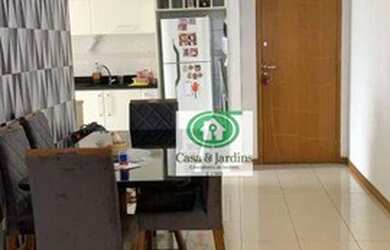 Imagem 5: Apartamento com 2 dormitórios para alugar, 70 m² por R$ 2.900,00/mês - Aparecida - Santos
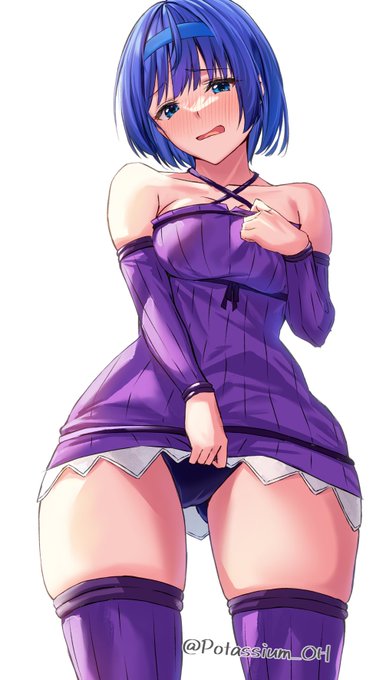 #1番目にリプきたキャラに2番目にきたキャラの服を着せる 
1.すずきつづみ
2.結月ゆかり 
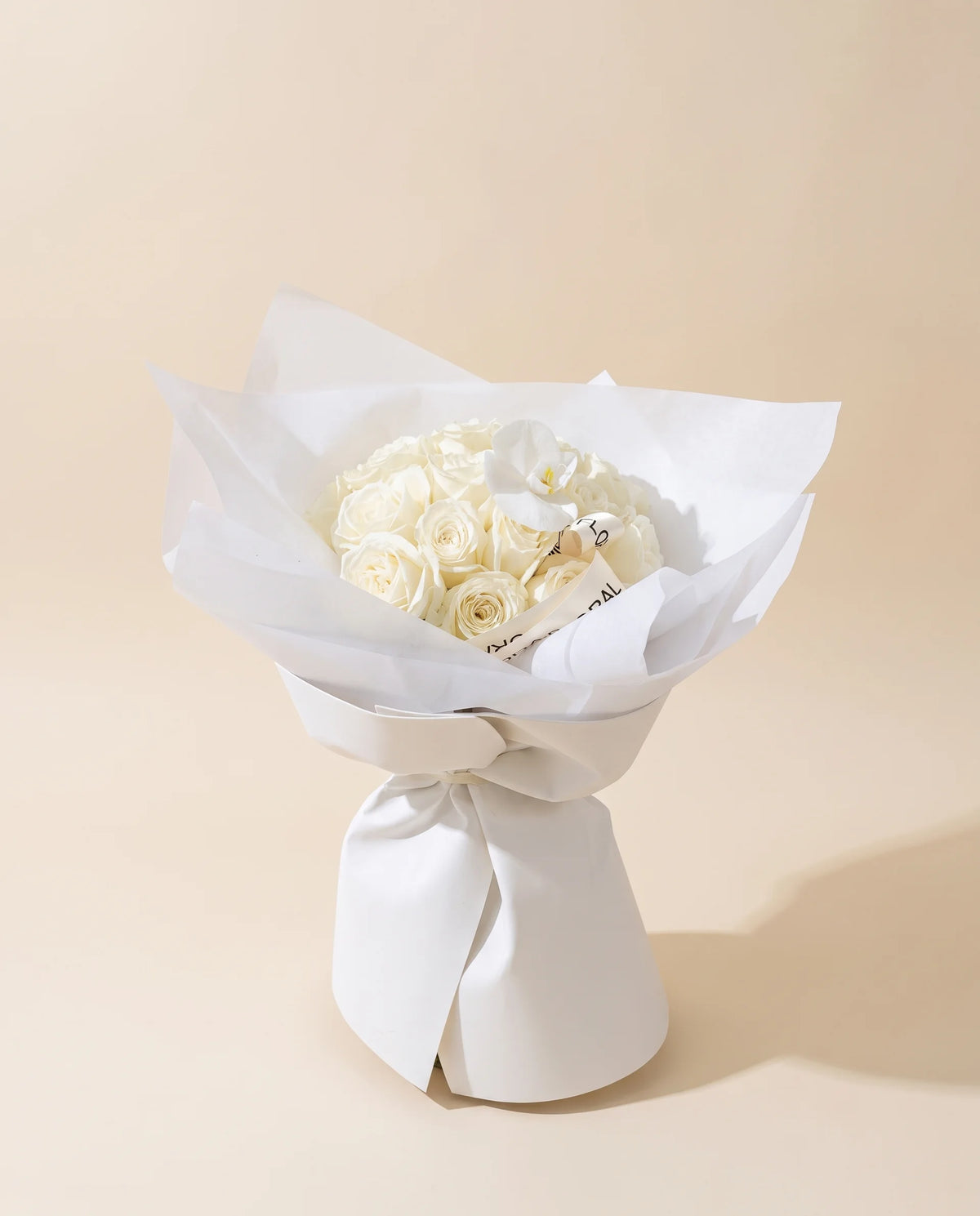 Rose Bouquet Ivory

————

▶ [TRY IT]: Set down exactly and only the lines from the line that contains "#1番目にリプきたキャラに2番目にきたキャラの服を着せる" through the last line of the entries above, with both of those lines included and the pictures left out.

▶ [COMPLETED TASK]:
 #1番目にリプきたキャラに2番目にきたキャラの服を着せる 
1.すずきつづみ
2.結月ゆかり 
 Rose Bouquet Ivory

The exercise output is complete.